私は前々から考えた挨拶を述べながら頭を下げた。
ぱちぱちと拍手の音が聞こえて頭を上げれば、殆どの人が歓迎してくれているようだ。幾分か緊張がほぐれる。
「アタナシア嬢も自己紹介してくれましたが、彼女はソルリアからの留学生です。今のところ最終学年まで在籍される予定だから仲良くしてあげて下さいね」
一緒に来ていたヴィアリナ先生も補足してくれる。
「じゃあパートナーは誰に? 全員埋まってますが」
1人の生徒が声を上げ、私は目敏いなぁと思った。気がつかなくていい所を指摘してくる人っているわよね……聞かれずに済むと思ったけど無理か。
「あっそれは……」
チラリとヴィアリナ先生はこちらを見てきた。それだけで、即座に先生が答えなかった理由が分かってしまって、どうするべきか悩んでしまう。

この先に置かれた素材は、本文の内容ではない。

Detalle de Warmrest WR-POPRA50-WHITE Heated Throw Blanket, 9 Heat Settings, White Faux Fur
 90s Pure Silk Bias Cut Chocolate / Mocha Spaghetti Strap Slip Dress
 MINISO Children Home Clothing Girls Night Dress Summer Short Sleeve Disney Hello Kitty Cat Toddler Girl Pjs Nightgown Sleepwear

先生は私が困ると思っているのだろう。どちらに転んでも厄介になるのは分かっている。
(どうせバレてしまうし、ここで言った方が手間が省けるかしら……)
「先生言ってくださいませ」
「いいの?」
「はい。おそらく嫉妬の対象にはならないので」
生徒がこんなに興味を向けているのは、この学年で残っている人がアレクシス殿下しかいないから。
多分私のパートナーはアレクシス殿下なのではないか? と思っている人がいるに違いない。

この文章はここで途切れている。